We go with three agents and where there is a flsifference in valuation we've gone somewhere between the middle and top valuation. For example we had two valuations at £335,000 and one at £350,000 so went with £340,000
When we were buying if we saw an overpriced house we didn't even bother viewing it - it gave me the impression that the sellers were unreasonable and buying a house is stressful so I didn't want to negotiate the process with people I thought were unrealistic and unreasonable.
Are you me? We had 3 EAs over last week and there was a £125k difference in highest and lowest. The lowest was an EA who generally sells the top end/premium properties and when I called them all out on the huge difference they were all set on their valuation and started slinging dirt and the higher/lower valuing agent. It's also a hard property to value as is a semi but is huge! So is bigger than many of the detached houses on our road but also has oodles of character that the detached homes don't have. I don't have any wise words but I know the confusion you feel :-(
When I sold recently I put it with the middle priced agent. However we agreed to ask for 'offers in the range of' and then a figure at the middle price going up to the higher price. I received an offer within two weeks for the middle price which I happily accepted
So estate agent 1) 500,000, agent 2) 525,000 3) £550,00
I put it with agent 2 at offers in the range of £525- £550. I got £525 ( well I didn't as amounts given as example only!
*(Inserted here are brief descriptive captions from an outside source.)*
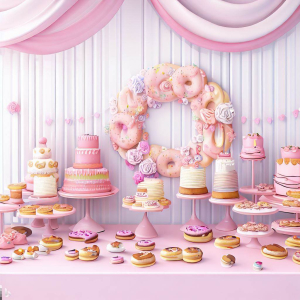 A creative dessert table with a donut wall for a baby shower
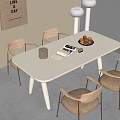 Modern White Dining Table Set With Four Chairs Fruit Bowl Floor Lamp And Potted Plant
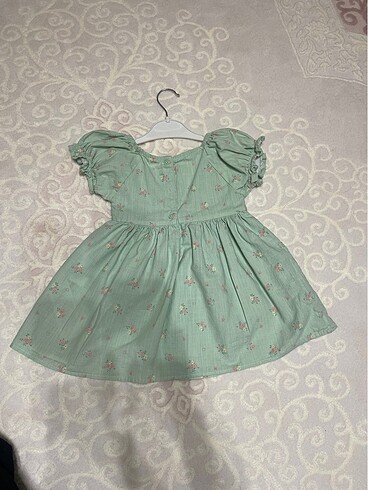 24-36 Ay Beden yeşil Renk Kız bebek elbise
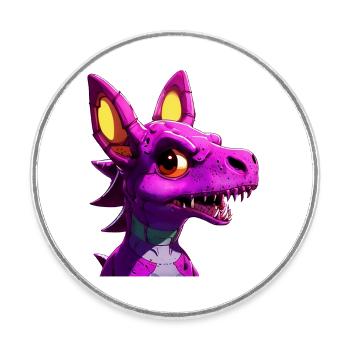 Purple Dragon - Round  fridge magnet - white - Front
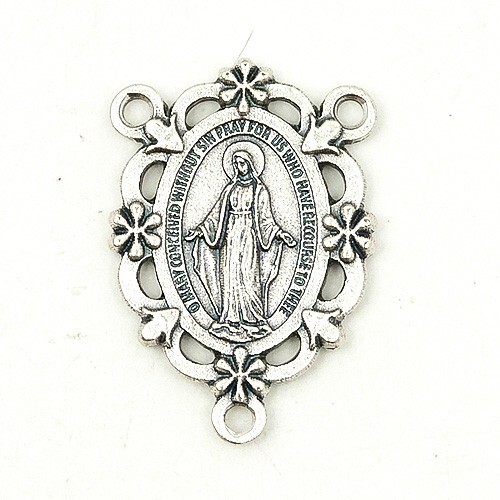 Ornate miraculous medal rosary - ornate,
An agent valued a house I was selling for £650k, £100-£150k over four other local agents. But the high-valuing agent had a good reputation for the nicer end of the market and since we weren't in a rush to sell (it was an inherited property) and I felt a responsibility to the other beneficiaries to get the best possible price, we decided to give them a go. We didn't of course get £100k more than the other valuations but we happily settled for £40k over what we would have asked if we'd been with a different agent.
We had seven viewing and sold our house in a week. We went for a mid range price of all the valuations and got what we wanted. Like people have said, check out the value of similar properties in the area. I found similar ones on sale recently and zoopla give the estimated increase by year. Choose reliable established estate agents look to see what other people in your area use how many of their boards are about the area, and go with your gut feeling. You also want an ea who will work for you and get serious buyers in to view, especially if things go wrong - we had a problem and our ea was the one who pulled it all together by ringing all the ea and solicitors in the chain almost every day til it was fixed.
We had a similar thing just over a year ago. Unusual house with little to compare it to. We have valuations with a large difference. Discussed the higher valuations with the agents who suggested the lower valuations and they said we'd never get that price. Went with the agent who said the highest valuation, but said we'd review it in a month. The house had an asking price offer the first day it was marketed, from the first viewer. Had loads of interest so went to best and final offers later that week and it sold for over the asking price.
So I'd say try it for a short period of time. Unless you are in a hurry to sell, what do you have to lose?
Thank you all for your replies and very useful advice.
I'm thinking I may put it on for the higher end of the sensible price and trust that if it is worth more then we would perhaps get lots of offers. Who knows!
Will ponder over it though while getting the house ready for viewings, need a mega decluttering session.